Mitsubishi Motors Has an Eye on Indonesia

By Masahiro Nakagawa : Reporter of Toyokeizai
September 23,2014
Masahiro Nakagawa
Reporter of Toyokeizai

Masahiro was born and raised in Yokohama, Japan. He earned the Bachelor of Arts degree in English and international relations at the Tokyo University of Foreign Studies. During his study at TUFS, he also studied abroad at the University of California, San Diego for an academic year.
Masahiro joined Toyo Keizai Inc. in 2012 and has been covering automotive, machine tools and robotics industries as a staff writer. He constantly gets a chance to go abroad to visit exhibition shows and manufacturing plants, and to interview executives from foreign firms.

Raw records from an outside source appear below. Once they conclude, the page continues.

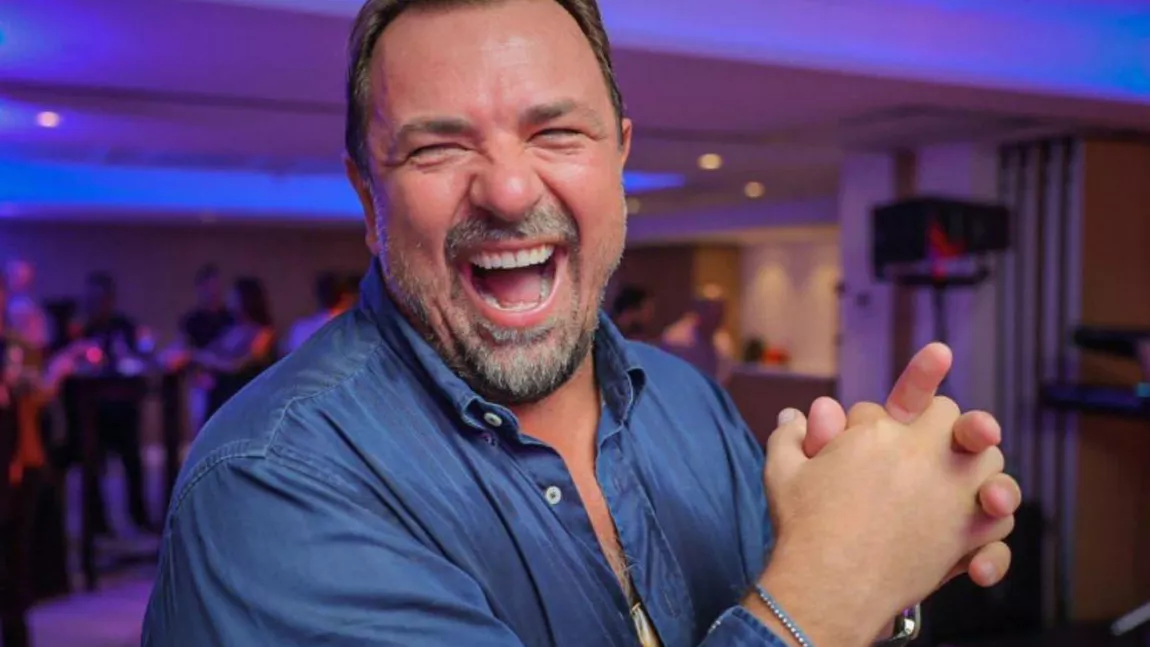 Horia Brenciu, captiv în Iași. Zborul Tarom care trebuia sa îl ducă în București a fost anulat. ”Și o să zâmbesc!”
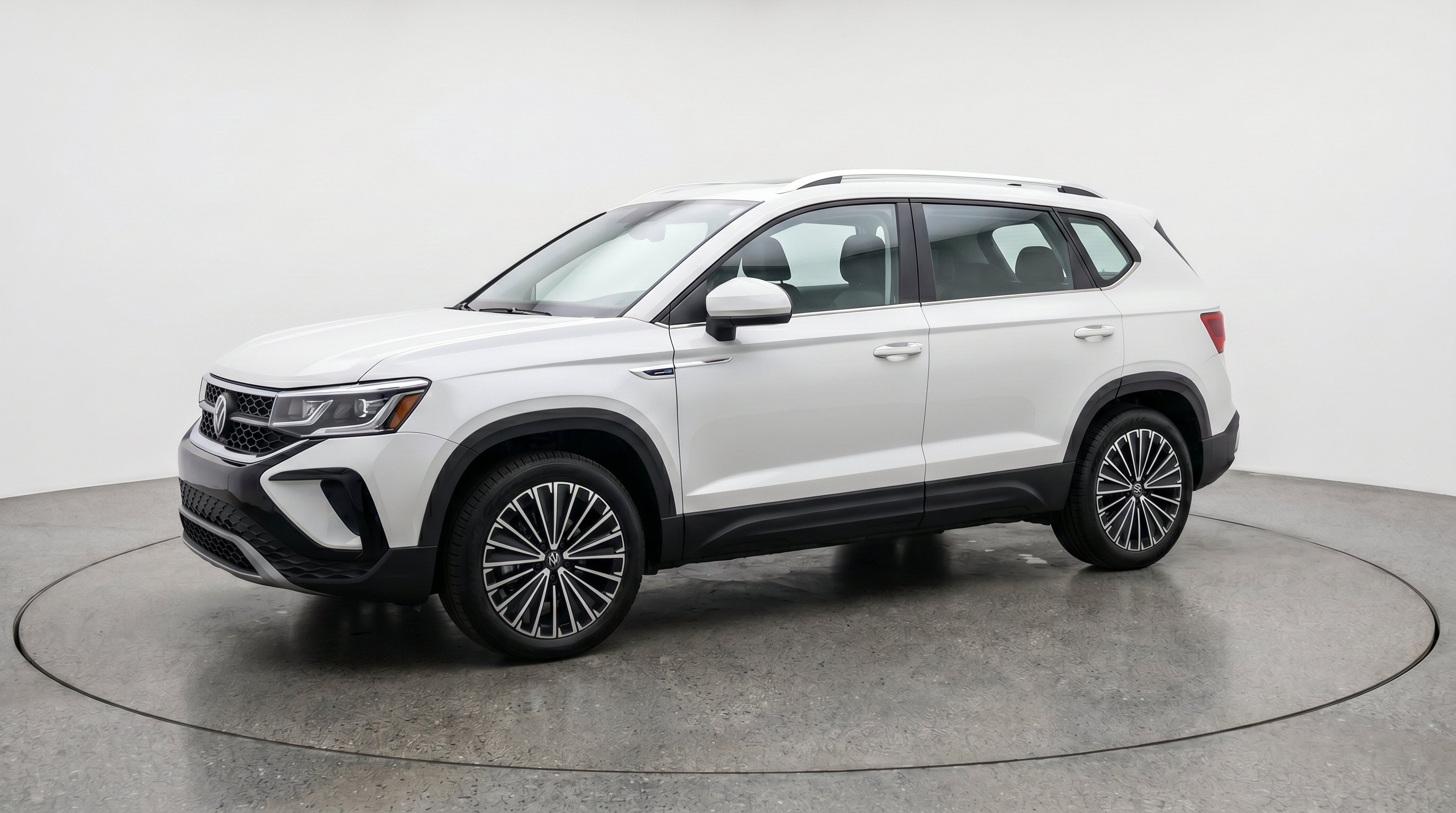 Thumbnail: 2026 Volkswagen Taos - 3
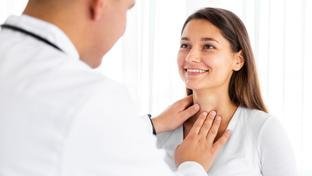 Cirurgia da voz ganha precis�o com avan�os na medicina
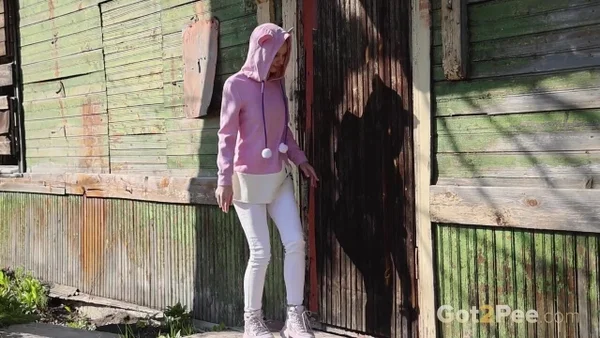 White girl Miss Kapriz takes a badly needed piss on a window sill  - Pissing, Jeans, Outdoor, Close Up, Shaved, Ass, European, Skinny, Non Nude, Pussy  - Photo 1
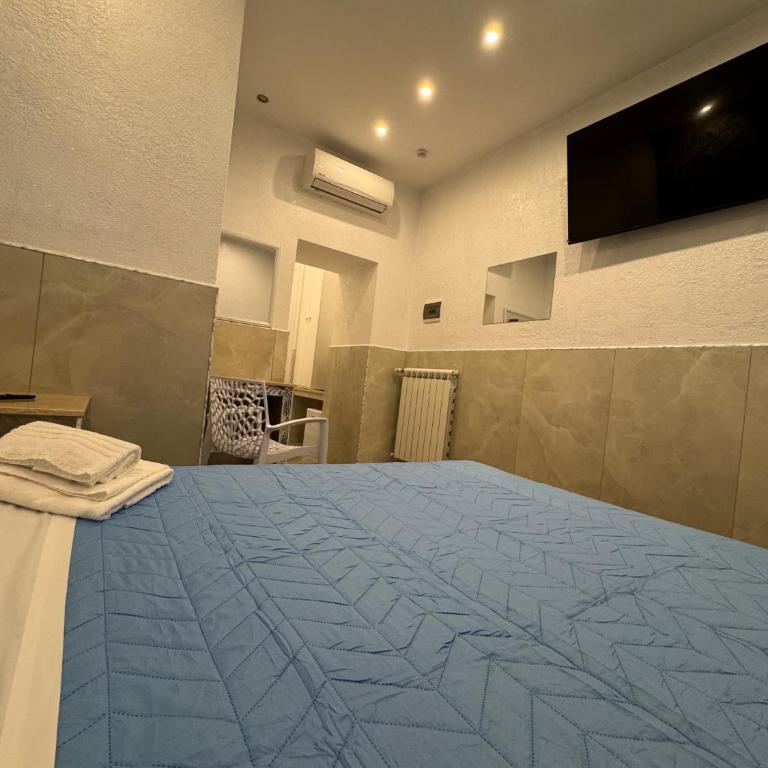 LUXOR ECO ROMA CASA E APPARTAMENTO PER VACANZE IN CENTRO Piazza Bologna, Colosseo, Piazza di Spagna, Vaticano, San Pietro, Sapienza, Fontana di Trevi, Piazza Navona, Trastevere, Tiburtina, Termini, Aeroporto - Camera Queen Deluxe - 10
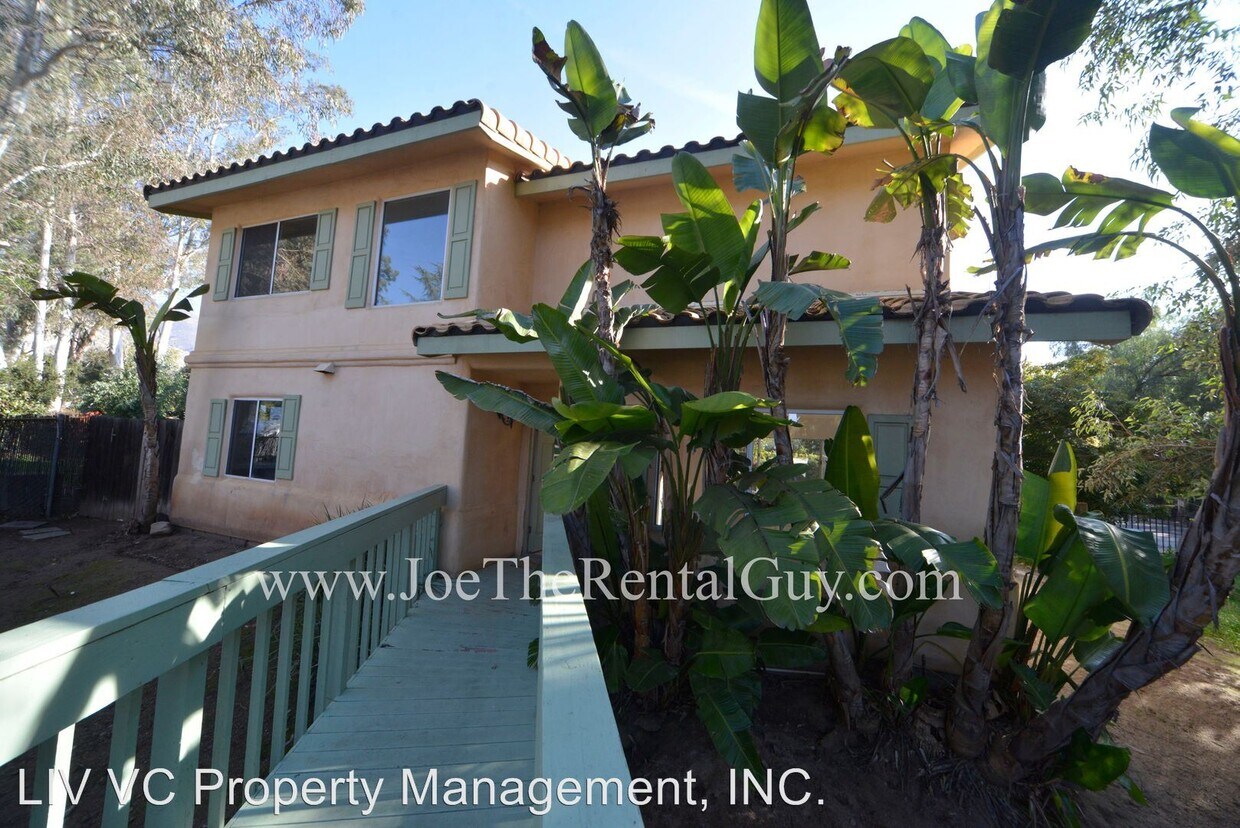 Primary Photo - 406 Lion St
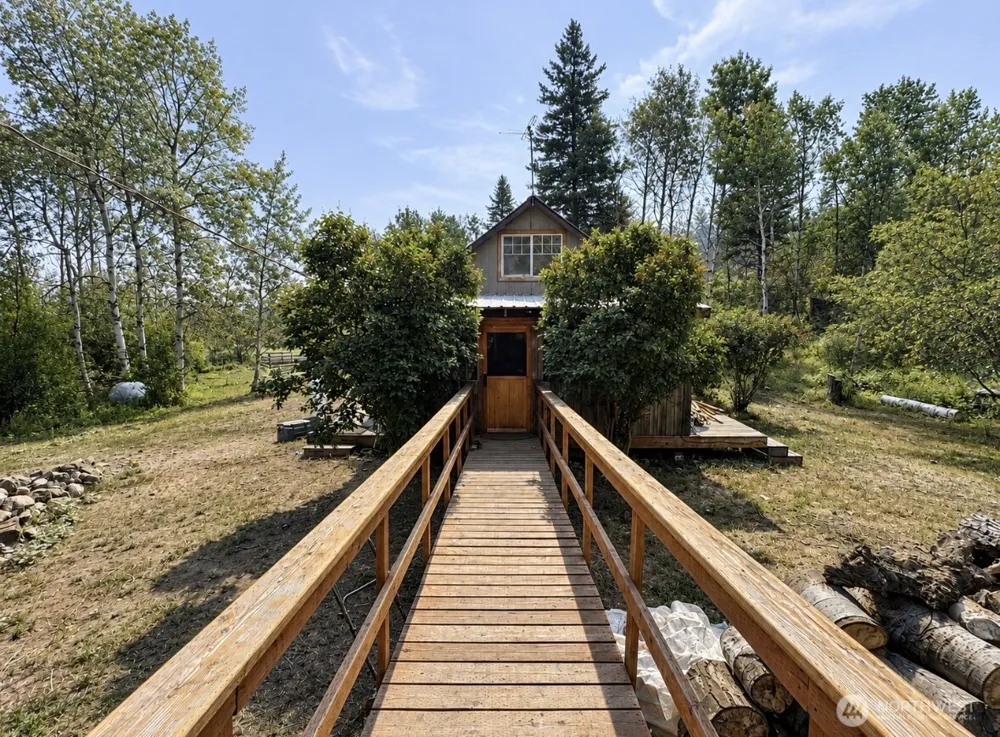 1066 A Ellemeham Mountain Road Oroville, WA 98844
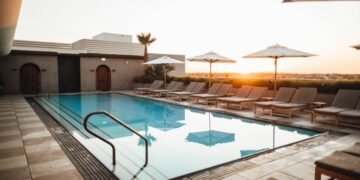 Cronograma de manutenção de piscinas e decks: como prolongar a vida útil dos materiais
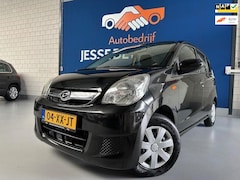 Daihatsu Cuore - 1.0 Premium, 5 deurs, NAP met 105.734 km. APK tot 01-2026.Nieuwe koppeling.Zeer Zuinige Au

Mitsubishi Motors Corporation(MMC) stepping on accelerator to speed growth in key markets in Southeast Asia. Plans for large scale production bases to follow Thailand, Philippines become clear.

MMC chairman Osamu Masuko announced plans to construct a new factory in Indonesia on September 16th. It will be sited in an industrial part located roughly 37 kilometers to the east of the capital city of Jakarta. In a partnership with Mitsubishi Corp. and local affiliate Krama Yudha, they will invest a $350 million (approximately ¥37 billion). They plan to begin operation in the first half of 2017, with an initial production capacity of 160,000 vehicles, expanding to 240,000 vehicles in the future.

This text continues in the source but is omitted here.